The 1984 Bills gave up a team-record 454 points on defense, an average of more than 28 points per game. The Bills gave up 30+ points eight times, and allowed fewer than 20 points in a game only three times all season.
The Bills also allowed 60 quarterback sacks, for a total of 554 yards, which were the most-ever yards-lost on sacks at the time. The Bills' 4,341 total yards gained was second-worst in the league in 1984. The 1984 Bills are one of only two NFL teams to have been outscored by 25 points six different times during the season.
For the third time in team history, the Bills changed their helmets.
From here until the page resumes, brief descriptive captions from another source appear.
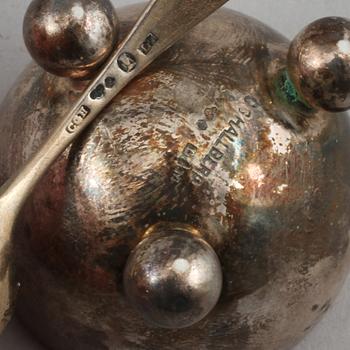 SALTKAR, 4+2 st, och ASKOPPAR, ett par, silver och glas, bla C.G. Hallberg, Stockholm, 1900-tal.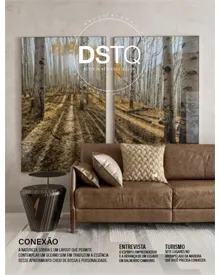 Destaque Decor magazine cover featuring a living room with a brown leather sofa and two large nature-themed wall art pieces.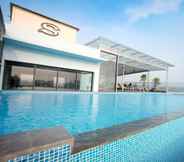 Swimming Pool 5 Grand Sovia Hotel Bandung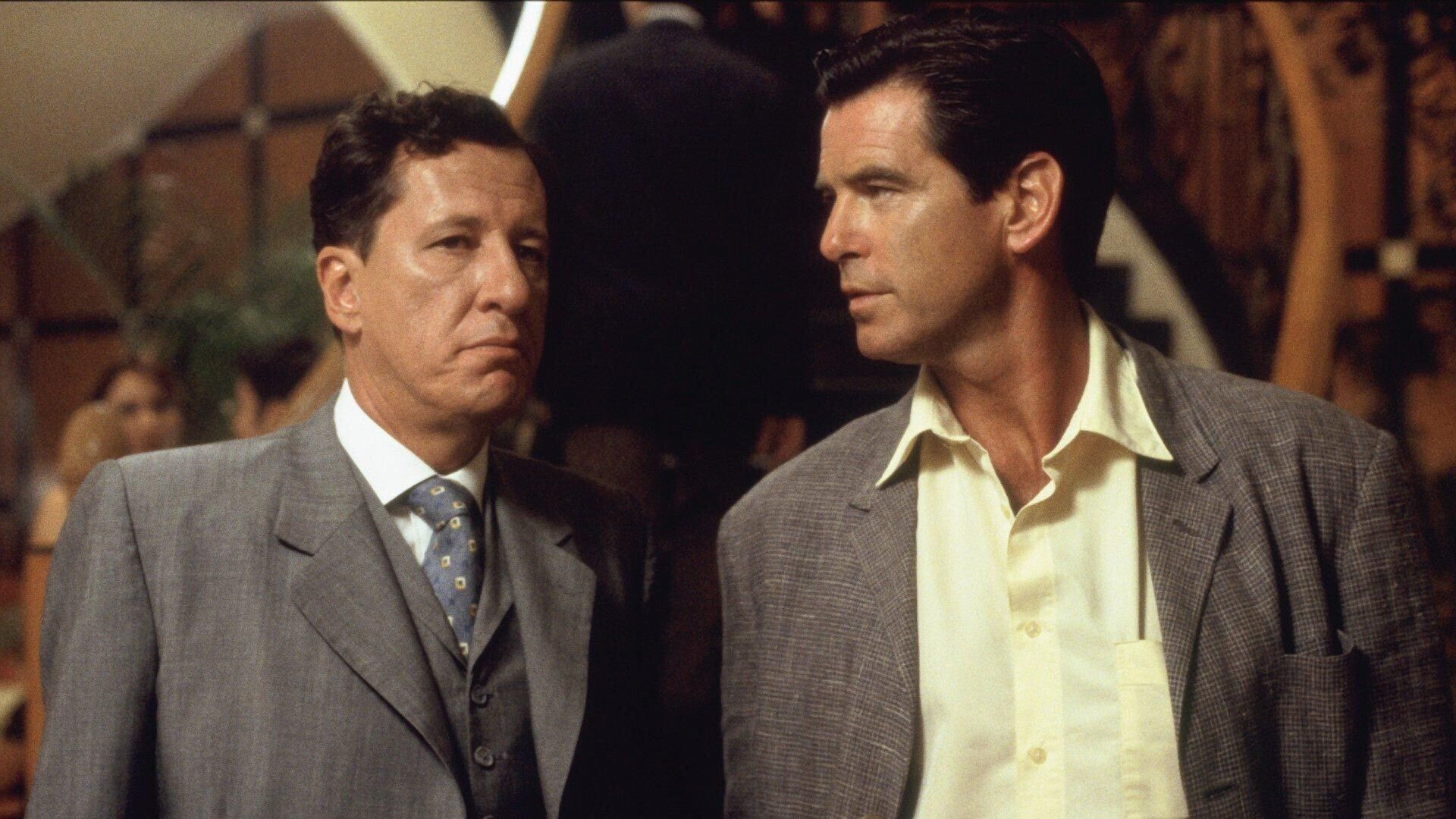 Watch The Tailor of Panama (2001)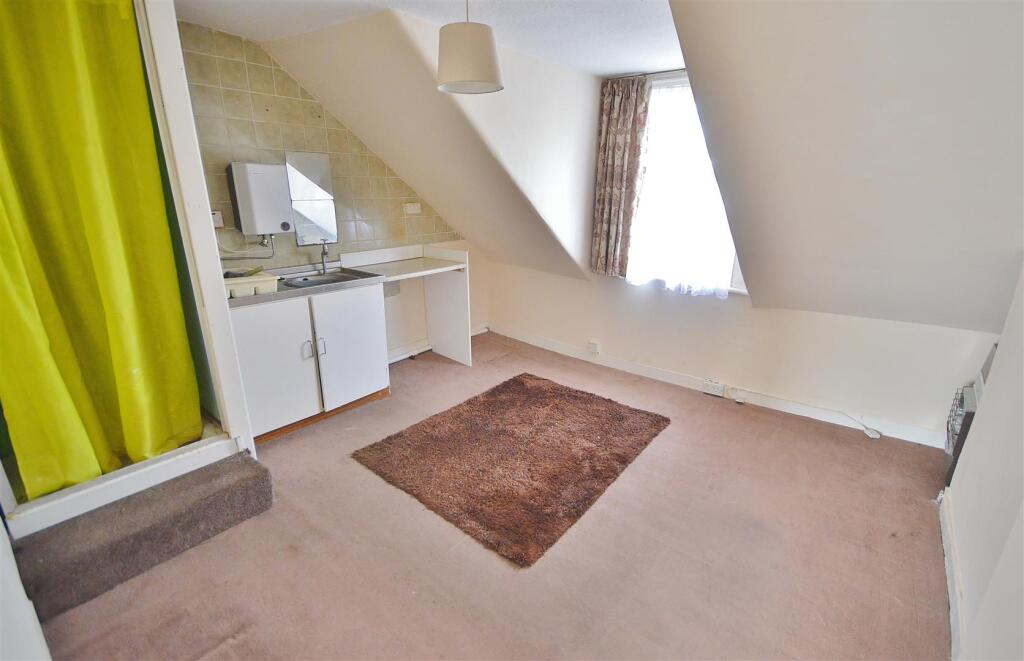 KITCHENETTE / SHOWER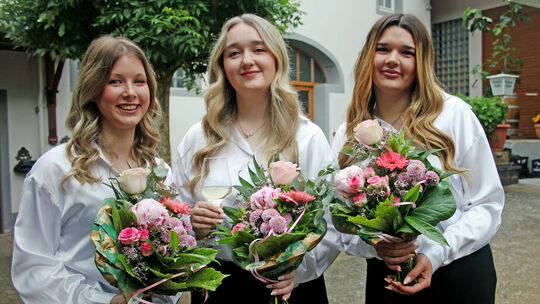 Die designierte Weinkönigin Dana Perkert (Mitte) wird zusammen mit ihren Prinzessinnen Jana Streng (links) und Louisa Perkert be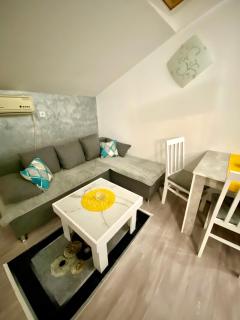 Allegro Apartment Free Parking - Novi Sad - 7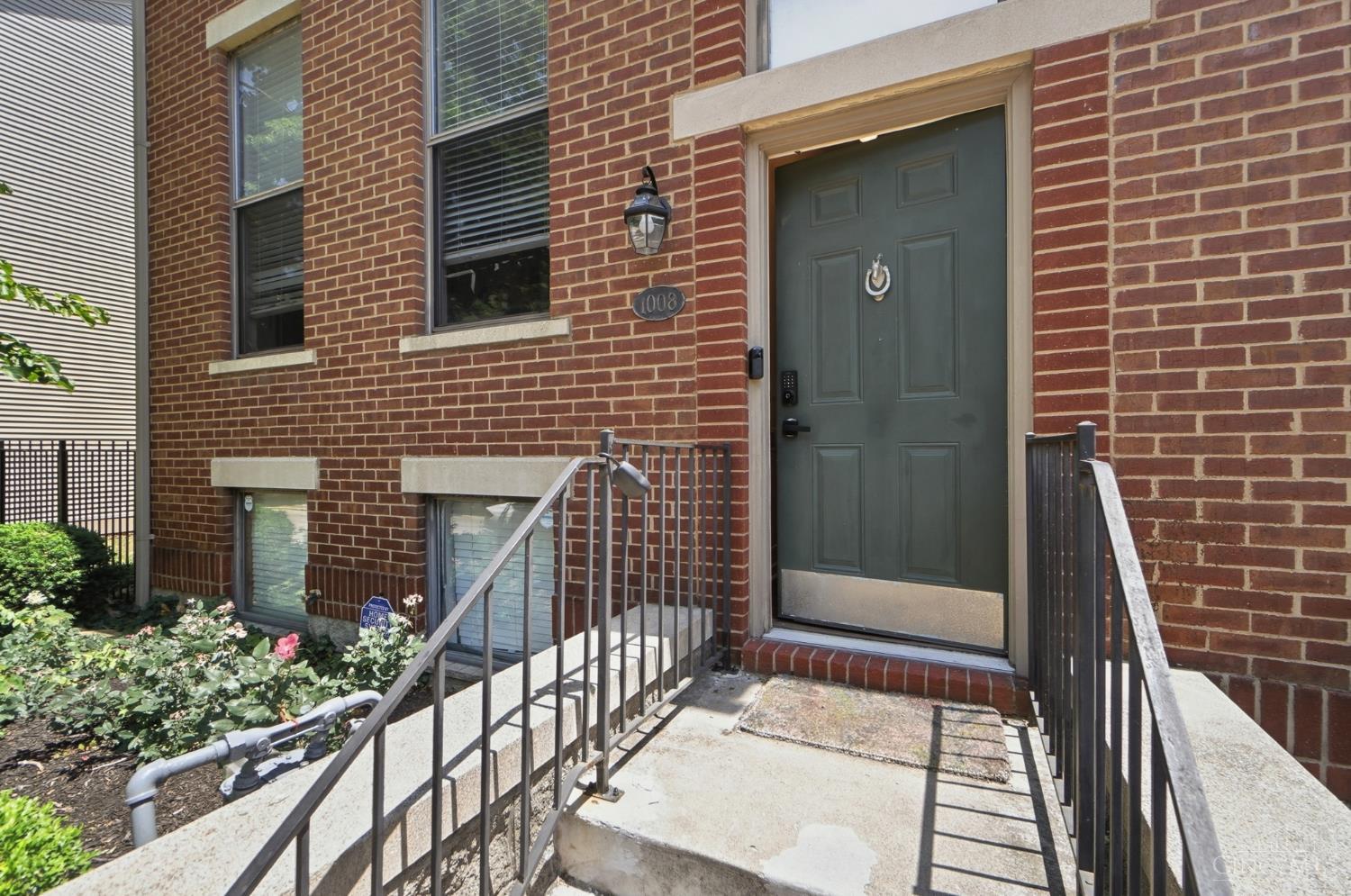 3rd image of 1008 John St, Cincinnati, OH 45203 | MLS# 1890492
While keeping the streaking buffalo logo from the second change, the Bills changed their helmet color from white to red. They would keep the red helmet through the 2010 season. It was the Bills first major change to their helmets since changing from the "standing Bison" to the streaking buffalo before the 1974 season.
The reason for the change, according to Bills equipment coordinator Dave Hojnowski, was because Bills quarterback Joe Ferguson was color-blind. Since three of the Bills' four AFC Eastern division opponents—Miami, Indianapolis and New England—had white helmets, "it was easier for [Ferguson] to distinguish, and that’s the reason why we made the switch." Ferguson had thrown a high number of interceptions over the previous two seasons, and coach Kay Stephenson hoped it would help the quarterback reduce them. Ironically, 1984 was Ferguson's last year with the Bills, and only year with the red helmets.
Notre Dame running back Greg Bell made the Pro Bowl in his rookie season; he was later traded to the Los Angeles Rams in the blockbuster three-team Eric Dickerson trade. Defensive end Sean McNanie played for the team for four of his seven NFL seasons. Punter John Kidd played his first six seasons with Buffalo; his career lasted a total of 15 seasons.